The young cab driver’s name is Li Mi, and we later learn that she and her ex-boyfriend both failed the entrance exam for university, results that no doubt rocked them to the core. Here in Taiwan, students study for years both during the day and after school at extended educational facilities known as bushiban (cram schools). A good part of a student’s day is devoted to memorizing the information he will need to pass this kind of examination, and failure can be devastating, leaving one with a great deal of diminished hopes and fading dreams. Some rise above these feelings and pursue their dreams in another way; others never recover from them. I imagine teenagers have similar reactions wherever such importance is placed on an examination. For Li Mi and her boyfriend Fang Wen, it’s must have forced them to reevaluate all of the plans they had made for themselves. Whatever new plans they hatched similarly did not come to fruition, and what was meant to be a short-term separation developed into something permanent. Fang Wen’s letters, once filled with such hope and emotion, one day simply stopped coming.
One of the many strengths of The Equation of Love and Death is Xun Zhou’s performance as Li Mi. In the opening scene, Li Mi appears quirky, almost comical as she rattles off numbers and stuffs Fang Wen’s pictures in her passengers’ faces, all the while sitting in the driver’s seat with a lit cigarette dangling from her lips. It’s an act though, perhaps one of those performances that some people put on to get through the day and ward off madness and despair. As Li Mi, Xun Zhou is called upon to produce an array of emotions, from the comical side that Li Mi shows to her customers, to the sentimental side we see when she is talking to a passenger named Shiu Tian about the girl that he loves and is trying desperately to find, to the side of her that can go in a split second from being terrified for her very life to being willing to aggressively fight over the possessions that she holds so dear to her. Some actresses struggle when they are called upon to be calm one minute and screaming the next. Xun Zhou makes it look entirely too easy.

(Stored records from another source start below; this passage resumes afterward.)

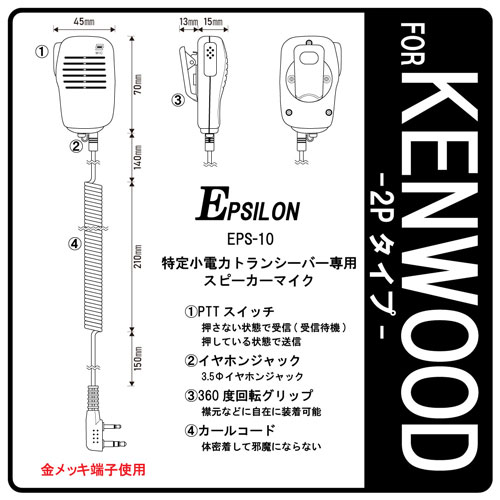 e-通販TKSのKENWOOD/ケンウッド 特定小電力トランシーバー用 スピーカーマイク インカム EPSILON EPS-10K｜アングル2
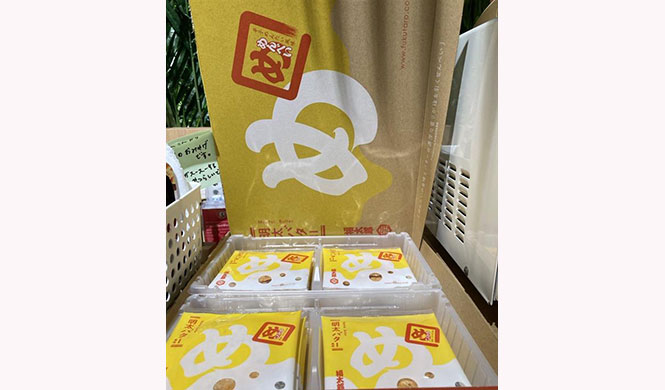 メンバー土産「めんべい」
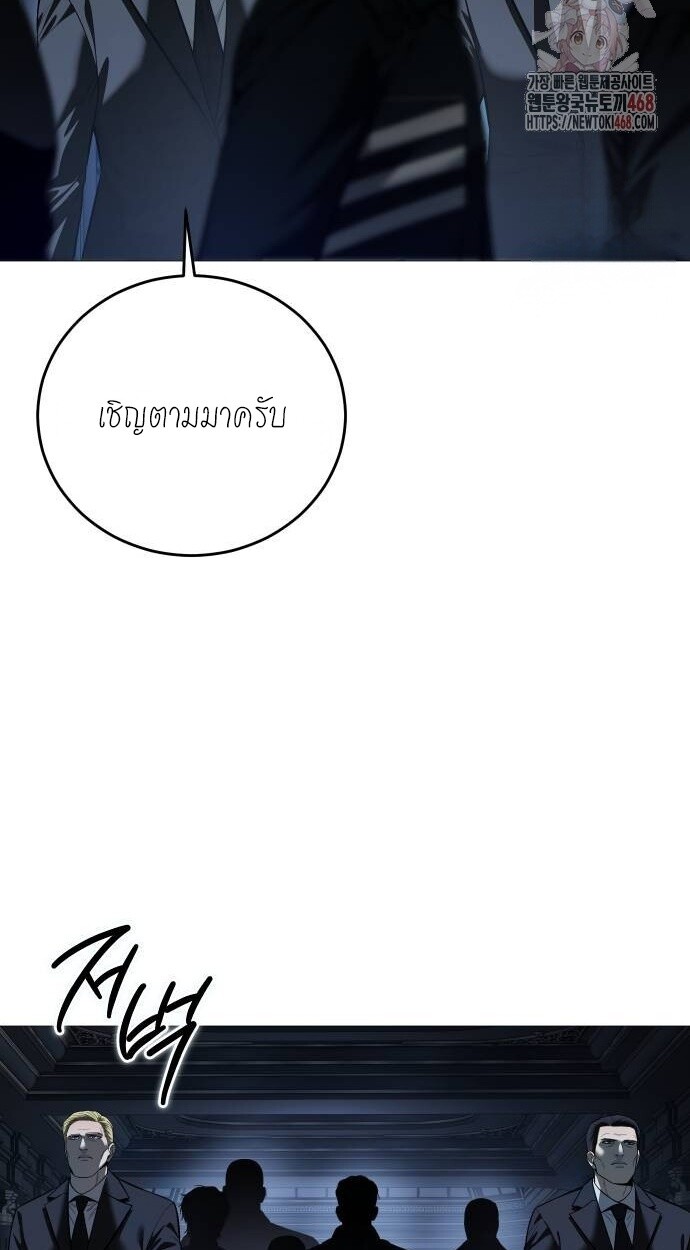 หน้า 90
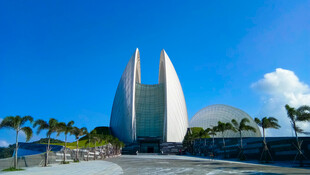 现代风格双塔建筑景观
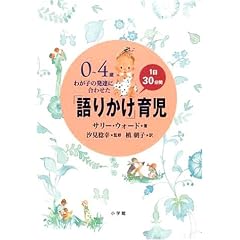 0~4歳 わが子の発達に合わせた1日30分間「語りかけ」育児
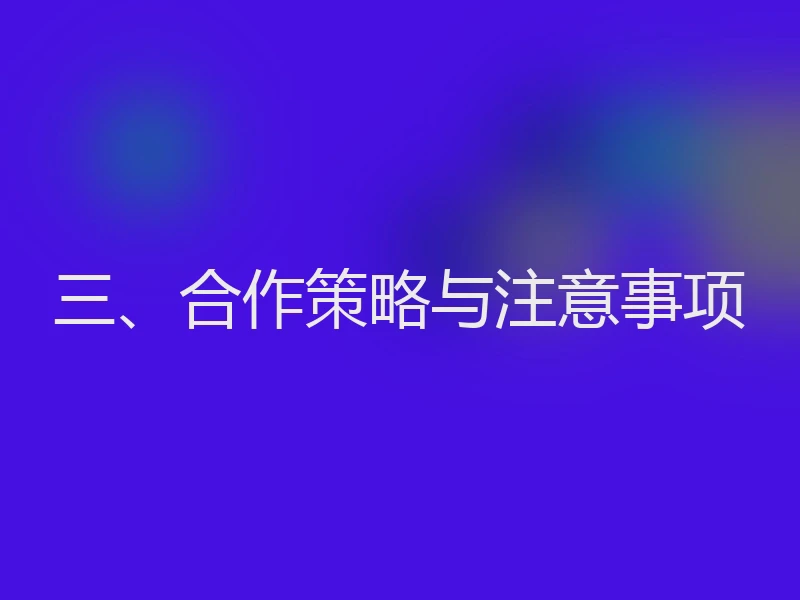 三、合作策略与注意事项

The other characters in the film are equally interesting, for each of them is responding to a world in which money has entirely too much importance and for which people are often asked or expected to do some of the ugliest deeds. We hear of a woman being told by her mother of all people to become a prostitute to the men working in the nearby mines. Another character, Hua Gui, seems to need money desperately to be able to wipe his slate clean and begin anew. Shiu Tian simply needs money to keep searching for his beloved Xiao Xiang. We’re tempted therefore to sympathize with Shiu Tian and Hua Gui, yet this becomes very difficult after we see what they put Li Mi through.
Eventually Li Mi stands in front of the man she feels certain is Fang Wen, and yet he looks at her and insists that his name is Ma Bing and that she is mistaken. She’s not convinced, though, and neither is a somewhat rough-speaking but soft-hearted detective (well played by Zhang Hanyu). I guess that’s not surprising in a film like this, for someone has to be willing to investigate this man who looks so much like the man in the pictures in Li Mi’s cab. However, the film’s handling of this is also fairly unique.
In a perfect world, a film as fascinating as The Equation of Love and Death would be screening in theaters all over the world. Sadly, this is not the case with this film. According to the Internet Movie Database, the film has only been shown in China and Spain (it has also been screened in Taiwan), and it has not opened anywhere since March 2009. A film as good as this one deserves a much better fate. (on DVD in Region 3)
4 stars
*The Equation of Love and Death is in Mandarin with English subtitles.